GNOME Bugzilla – Bug 392939
[pending] "-" should be spoken when used as a negative sign at "some" punctuation
Last modified: 2007-03-14 14:41:28 UTC
The "-" character is normally only spoken when the user's punctuation setting is "most" or "all". Under normal circumstances, this is exactly as it should be; however, users who prefer a punctuation level of "some" might conclude that a number is positive when in reality it is not. I tend to think of the "some" level being the functional equivalent of what one would speak if reading the document aloud, and I think that is how many users apply it: to read for content smoothly and naturally rather than proofreading. When reading for content, the negative sign is still of interest (just like the dollar sign, decimal point, percent sign, etc.) . As such, I'd like to propose that when a word begins with a "-" followed immediately by a digit or a dollar sign, it be spoken at the "some" level of punctuation. Thanks!!
Thanks Joanie. Mike?
I would agree with this.
Just starting to look at this.
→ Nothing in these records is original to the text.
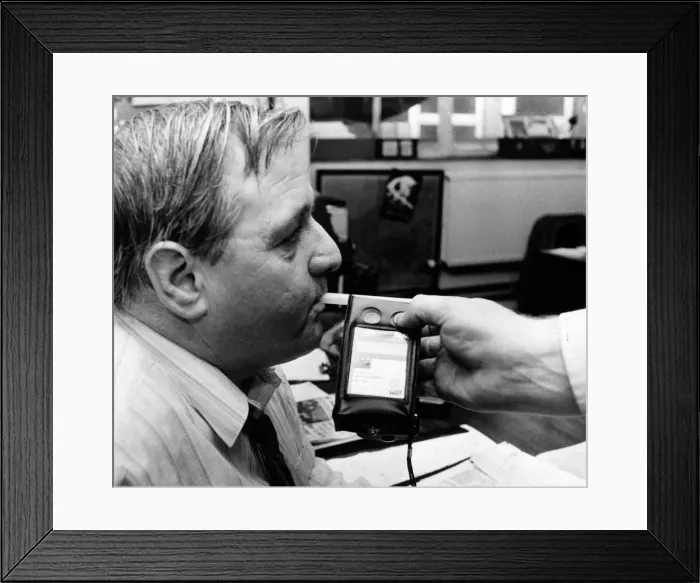 Framed Print : Stuart Minton, News Editor, South Wales Echo Newspaper, tries out a breathalyser test Framed Print : Stuart Minton, News Editor, South Wales Echo Newspaper, tries out a breathalyser test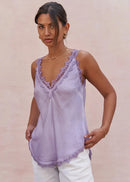 Woman wearing a light purple lace-trimmed top against a beige background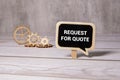 Notepad and text REQUEST FOR QUOTE. Royalty Free Stock Photo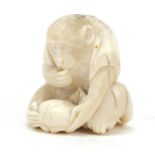 Good Japanese carved ivory okimono of a monkey holding a nut, 3.4cm high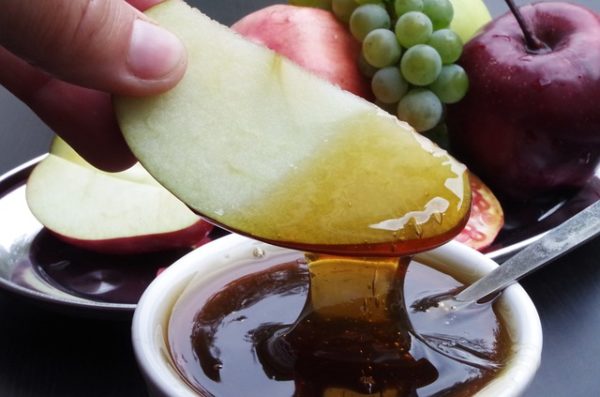 Apple dipped in honey is the classic Rosh Hashanah Food Symbolism.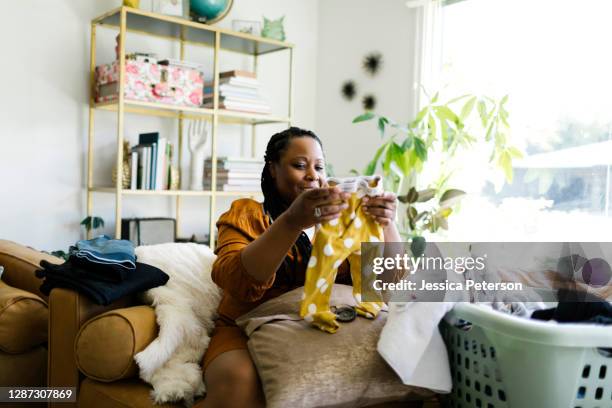 woman folding laundry in living room - baby clothes stock pictures, royalty-free photos & images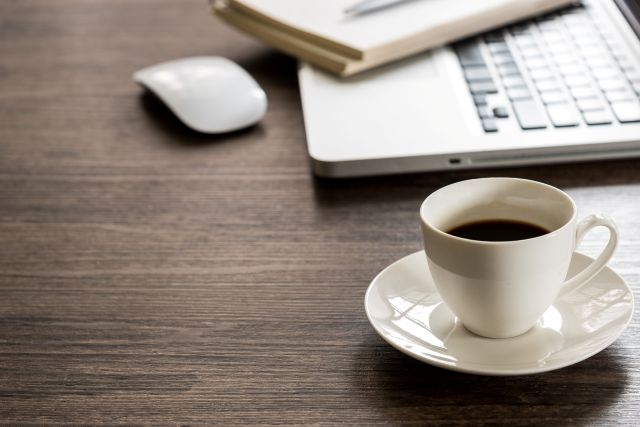 デスクに置かれたパソコンとコーヒーカップ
Thinking about this a bit more, shouldn't the "-" at the beginning of a number or a dollar value be spoken irrespective of the punctuation level?
For example, with the punctuation level set to PUNCTUATION_STYLE_NONE the fourth line below in gedit, is still spoken incorrectly: This line contain 5.0 number This line contains -5.0 number This line contains $5.0 number This line contains -$5.0 number
In my opinion none means none. I really don't know why anyone would want to use none but some do.
I was just going to say what Mike said, but I see he beat me to it. :-)
Created attachment 79778 [details] [review] Patch to implement this enhancement. Okay, fair enough. Patch attached (and NOT checked into SVN trunk yet).
Created attachment 79779 [details] Test file I've been using. Here's the test file I've been using. I've been testing with the punctuation level set to SOME and NONE. Couple of notes: 1/ It's not saying "5 dollar characters" for the "$$$$$" string when we have the punctuation level set to NONE. Is that correct? If the punctuation level is set to SOME, MOST or ALL it correct says "5 dollar characters". 2/ If you down arrow pass the last line, it speaks the last line again. At least for me. Are others hearing this too? If so, it's probably a separate newline related problem, and I'll file another bug for it.
Thanks Rich. I tried the patch. I am hearing the dash at SOME punctuation WHEN it precedes the dollar sign. When it immediately precedes the 5, I am still not hearing it. Couple of responses: 1/ NONE is NONE. :-) Like Mike said, I don't know why anyone would go with NONE, but they do. And when they do, they expect.... uh..... NONE. ;-) So, yes, I'd say that's the correct behavior. 2/ Yup. Me too.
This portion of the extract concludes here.